Sam’s dad Leigh, who has been present at a few of his son’s games this year, is a Chelsea legend and a renowned coach in the Peninsula area.

He concedes that the loss of his son’s forearm could have been a huge burden on the family, but for the way Sam embraced the challenge. “I can remember people admiring his determination and love of the game, but doubting that those qualities would compensate for his disability”, he told the Age.

“They used to say when he was very young: ‘He’ll struggle when tackling is introduced.’ When he didn’t, they’d say, when the game gets more physical he’ll struggle’. But he didn’t.”

Sam won a heap of best and fairest awards in junior grades with Crib Point and was picked up by the Dandenong Stingrays, where he again starred. He won the Best and Fairest in his second year.

He graduated to Frankston’s VFL side. Contrary to expectations, he played four senior games in his first season and became a regular in his second.

Despite the idea being floated that he may be a chance to graduate to AFL ranks, Sam was pragmatic enough to realise that it was an improbability.

His grandfather, Sonny,a colorful greyhound trainer and bookie, had begun holidaying in Corowa 50-odd years ago and it became a family tradition that continued. Sam had got to know quite a few people in town and warmed to the prospect of moving up there in 2008.

He became an overnight success with the ‘Roos and, after a brilliant season under the coaching of Peter Tossol in 2009, took out the club B &F. With 21 votes, he finished runner-up to Michael Stevens in the Morris Medal.

Romance also blossomed with a young Corowa girl, Renee Ronnfeldt.When Queensland club, Aspley conducted a raid on O &M and Goulburn Valley players, at the end of that season, Sam was one of those who felt that a season of football in the Sunshine State sounded fairly attractive.

And Renee liked the thought of a break from Corowa. So, along with his current team-mates Tyson Hartwig and Jamie Sheahan, he spent a season of footy in the QAFL. Aspley struggled big-time early-on, but after sacking the coach and enduring a bit of turmoil, they recovered to finish the year in reasonable fashion.

Sam’s own form was quite good and he finished a close runner-up to ‘Shagger’ in the B &F. But he was happy to leave the Queensland experience behind him.

He moved back home to the Peninsula, and joined his cousin, who was coaching Bonbeach. He spent the following season with MPNFL club, Chelsea, where the Carpenter name is revered.

His father, Leigh, and uncle Dale are both Members of Chelsea’s Team of the Century and Sam joined them as a Best and Fairest winner in 2012.

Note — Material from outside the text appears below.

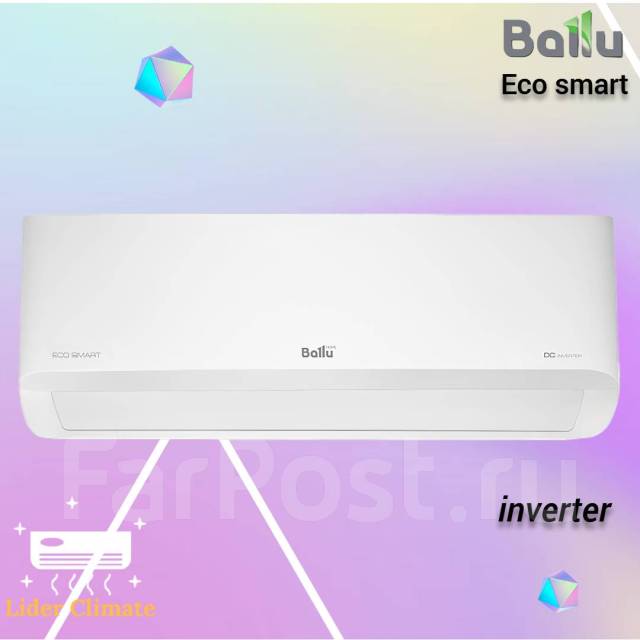 Кондиционер Ballu BSYI-09HN8 серия Eco smart dc Inverter (25-27м2), 27 ...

When he and Renee decided to return to her home town last year, Sam surprised the football world by throwing in his lot with the Rovers. Barry Sullivan had been pursuing him for a couple of years and his old coach Peter Tossol convinced him of the virtues of the Hawks.

He found plenty of work in his chosen trade as a painter and life was pretty good, as they bought a house at Corowa and rejoiced in the bush life, with regular forays to throw a line into the Murray River.

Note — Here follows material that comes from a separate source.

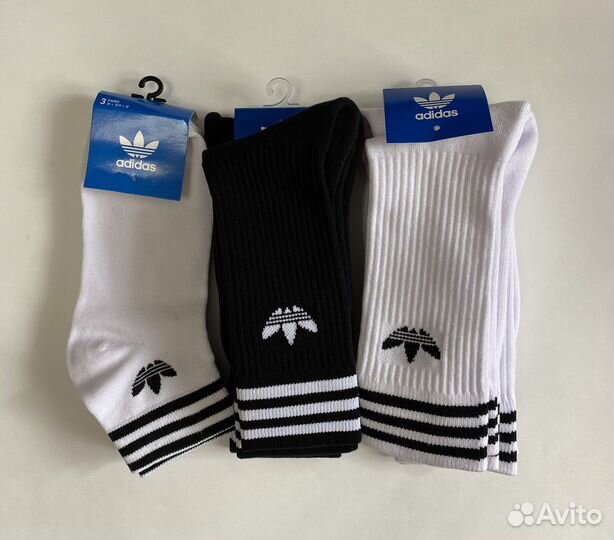 Носки Adidas высокие/короткие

His footy season got off to a disappointing start when he copped a hamstring injury before half-time in the opening game. It took a while to get it right and he missed seven games, but he flew home to finish third in the B & F.

He and Renee welcomed young Sonny, named after his grandfather, into the world this year.

A quiet bloke, he enjoys a beer and the outdoors. He’s laid-back and has a terrific nature and has become a huge favourite of supporters and players at the Findlay Oval.

And he’s a big influence on the younger blokes, who have been impressed with his training intensity and respect the quiet words of advice he offers.

At 27, Sam has plenty of footy left in him. But earlier this season he began to feel his mortality. He has a posterior cruciate ligament deficiency in his knee and aggravated it after colliding with a Lavington player. He carried it for a while but it began to give him hell and he rested it for a week.

A cortisone injection did the trick and he came back in superlative touch.

Those who were at McNamara Reserve last week-end would recall probably the most telling of his 35 touches. In a frenetic last quarter, with the Rovers attacking continually, he swooped on the ball, lined up the goals from 40 metres out and his kick curled in beautifully for a classic major.

It was vintage ‘Carps’ and the Hawk faithful rose as one, as they sensed that the elusive number 4 had just nailed the sealer.